Grief can sometimes hit us in small waves. While these waves can throw us off course at times, we can at least see the shore ahead, and ride it out. Yet at other times grief can build up like a tsunami due to the many unforeseen undercurrents. It is times like this, for me last night, that we need to properly gage what we are feeling, and responding to. Sometimes we are grieving more than the physical loss of our loved one. Sometimes we are grieving the lack of progress in longstanding concerns for our family. Sometimes we are grieving for other people's pain. Sometimes we are grieving due to the ongoing challenges of parenthood without our spouse beside us.
In today's disaster movie, the loss and destruction was beyond the scope of earth's inhabitants to appropriately respond. As one would expect, they were left with more casualties than survivors. And so was my evening. I thought I was prepared for the grief that I somehow kept at bay on Thanksgiving. I it would be difficult to weather, but that I could get through it. Yet as the sun went down, many of my life's undercurrents began to rattle within me. Most of these undercurrents are ongoing concerns I have with my children. Before I knew what hit me I was engulfed with anger and grief. Like a volcano, I erupted with torrents of misery's venom. The victims, initially my children. The culprits, okay maybe they had something to do with it. The epicenter, me. It was my response to all the undercurrents that was seismically out of proportion. And in turn, the tsunami of emotion was more than I felt equipped for.
There are times when life feels like one disaster after another. There are times when the difficult reality of our life comes crashing down all around us. There are nights when grief gets it's grip on us so deeply that we fear that we may not survive. Sometimes we feel like we may not want to survive. Sometimes getting through it takes more than what we think we have.
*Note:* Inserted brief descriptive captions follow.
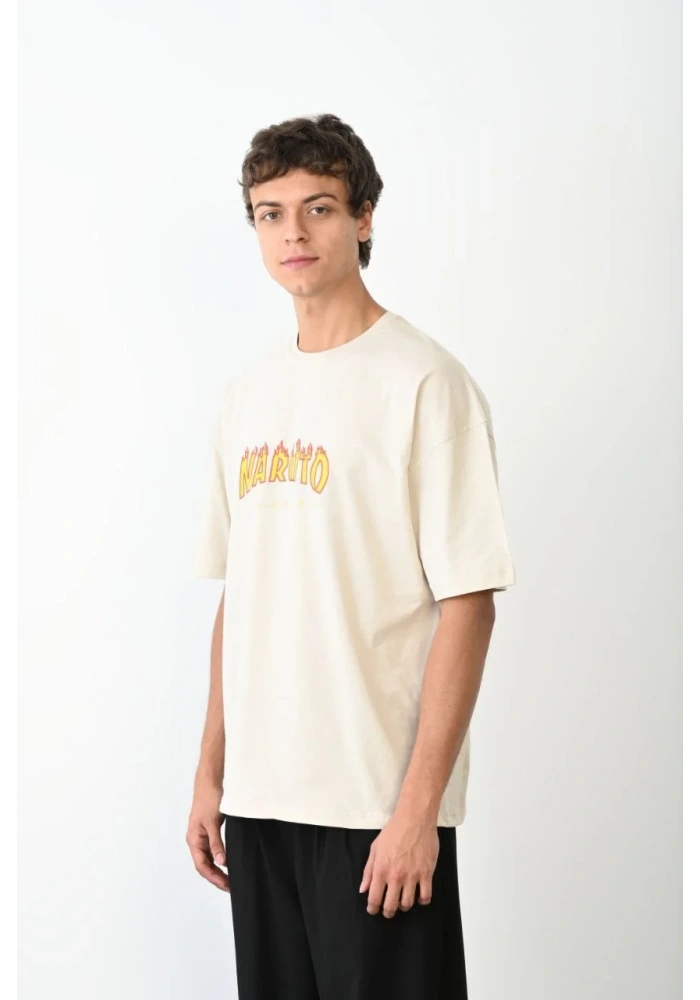 ERKEK Bisiklet Yaka Baskılı Oversize T-Shirt - Beyaz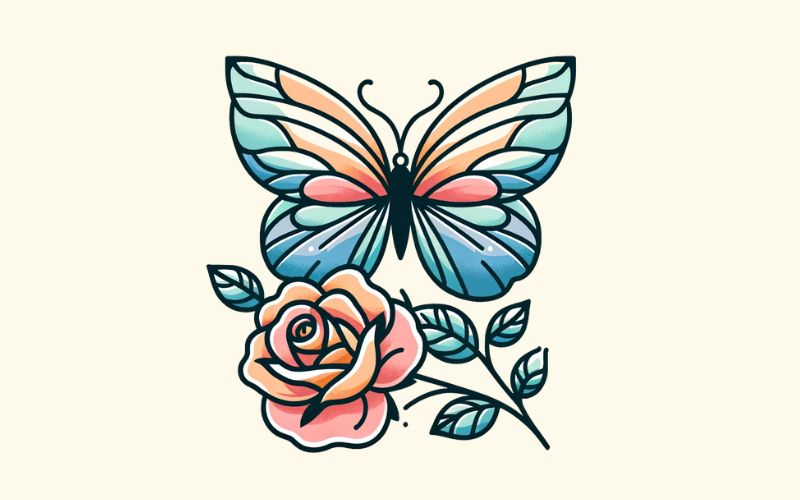 A minimalist butterfly rose tattoo design. 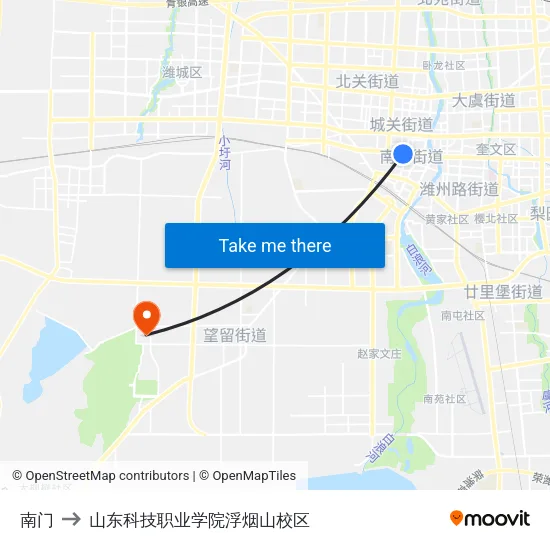 南门 to 山东科技职业学院浮烟山校区 map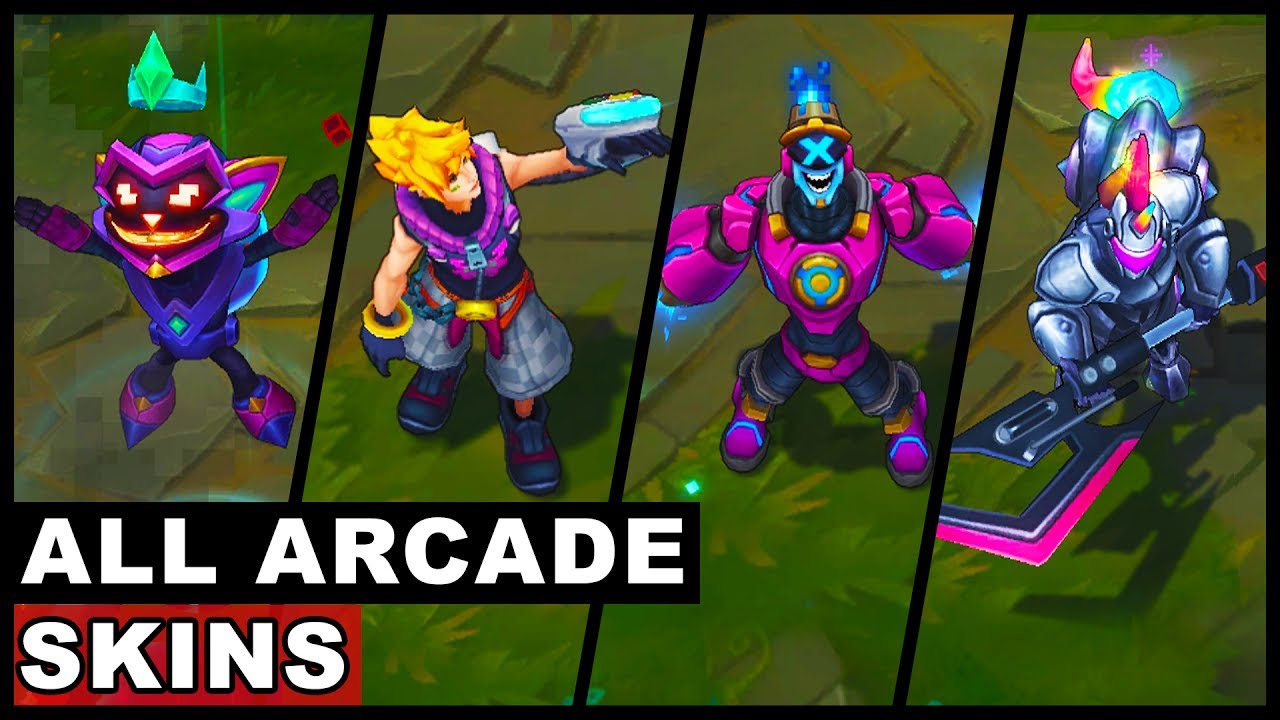 All Arcade Skins New and Old Brand Ziggs Malzahar Riven Veigar Ezreal of Legends - YouTube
As formula as it is, in all disaster movies we are left with an image of the sun rising once the storm du jour has ended. Peace and calm settles in around us. Peace and calm is what I awoke to as well. As the day continued on I needed to make sure I tended to each of the kid's needs. I needed to give some explanations, and I needed to make some repairs. Tonight I am once again reminded that even when I think my heart and soul can take no more, something is there to make sure I can. In the course of grief we can't always divert these difficult experiences, but remembering our individual history with grief, we can help ourselves get through it. And while we may not get through it unscathed, we will get through it.